3 Tasty Recipes to Take Your Traditional Holiday Meal Vegan

It’s holiday season again! And for vegan foodies who are always looking for new recipes to try but still want some familiarity, The Superfun Times Vegan Holiday Cookbook by Isa Chandra Moskowitz and The First Mess: Vibrant Plant-Based Recipes to Eat Well through the Seasons by Laura Wright are two great cookbooks to use.

I chose the recipes here for the long Thanksgiving break, and I would definitely cook them again for other holidays. The main portion of the meal is the stuffed “burgers” with a side of traditional stuffing with sides of vinegar potatoes with aioli. For dessert, pumpkin pie with homemade crust from Superfun. (If you want fewer carbs in your meal, I’d suggest cranberry sauce and a butternut squash, kale, and quinoa bake as your sides.)

Covers for The Superfun Times Holiday Cookbook and First Mess

Little, Brown and Company/Avery

Stuffed Thanksgiving Burgers

From The Superfun Times Vegan Holiday Cookbook.

  • 2 tablespoons olive oil, plus more for pan-frying
  • 1 small yellow onion, diced medium
  • ½ teaspoon salt, plus a pinch
  • 8 ounces cremini mushrooms, thinly sliced (I used button mushrooms since they were cheaper)
  • 2 celery ribs, thinly sliced
  • 2 garlic cloves, minced
  • 1 teaspoon dried thyme
  • 1 teaspoon dried sage (I substituted 2 teaspoons dried savory since I’d run out of thyme and sage cooking other recipes that week)
  • Freshly ground black pepper
  • 4 cups (¾ inch) baguette cubes (I used sourdough, but use a gluten-free bread as you need)
  • ½ to 1 cup vegetable broth
  • ½ cup hazelnuts
  • 1 cup cooked brown or green lentils, rinsed and drained
  • ¼ cup dried cranberries

For serving:

  • 6 sourdough rolls (I used dairy-free, egg-free, gluten-free buns)
  • Arugula, kale, or other autumn green
  • Vegan mayo (I recommend Fabanaise, especially if you have a soy intolerance or allergy)
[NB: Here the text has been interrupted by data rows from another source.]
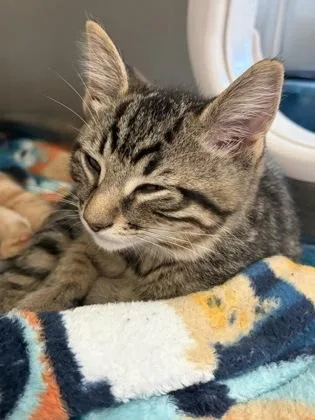 A baby small-sized male Domestic Short Hair cat named Dumplin for adoption in Westland, MI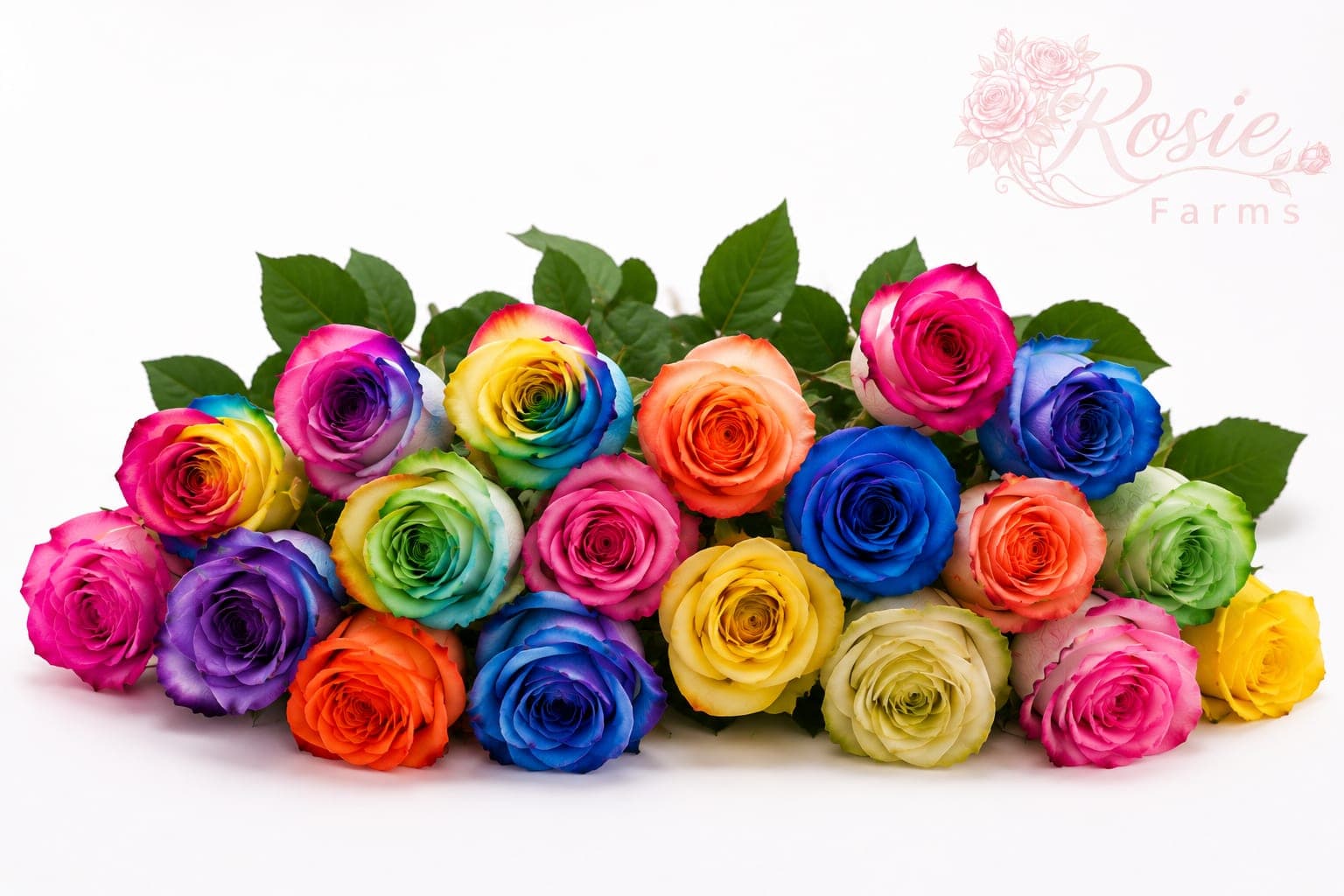 Tinted Roses
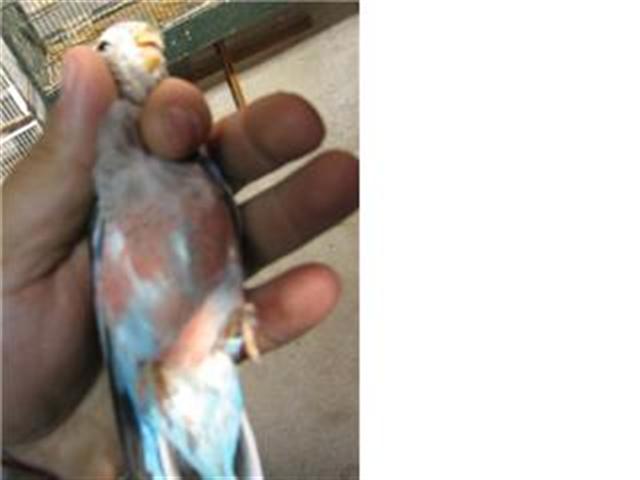 bourke bleue (1) (Small).jpg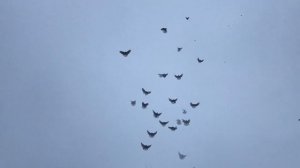 Красные Николаевские голуби в Енакиево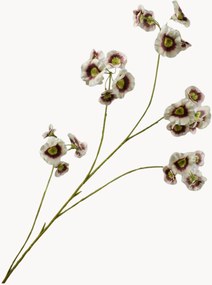 Leucocoryne tak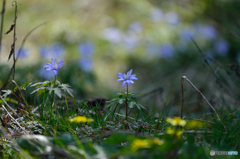 野に咲く花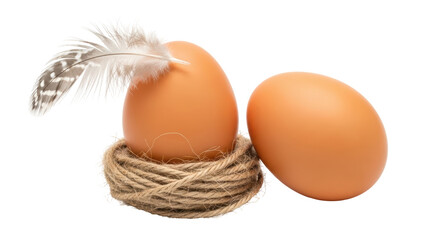 Isolated Brown Eggs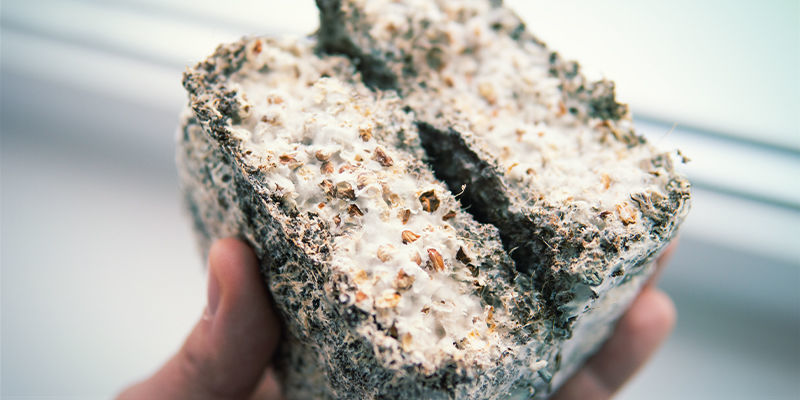 Wat Is Mycelium?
For this recipe, you definitely need a cutting board and knife, of course, as well as a cast-iron pan and a blender. It calls for a mixing bowl as well, but since I hate doing dishes and don’t have a dishwasher, mixing everything in the pan is an easy alternative.

Heat 1 tablespoon of oil in the pan. Sauté the onion until translucent, then add the mushrooms, celery, garlic, pepper, and herbs and sauté together for about 7 to 10 minutes. Add another tablespoon of the oil and the bread cubes. At this point, the bread needs to be tossed so that the cubes are fully coated with the oil and mixture and browned for about 5 minutes. The broth is next—add only a half cup to start. I ended up having to use about ¾ cup in order for the bread to evenly soak it up. At this point, it looks and smells very much like stuffing. If it looks too dry, you can add more broth. I liked how the St. Agnes sourdough I chose worked with this recipe, but if you prefer either the baguette or a gluten-free bread, go for it!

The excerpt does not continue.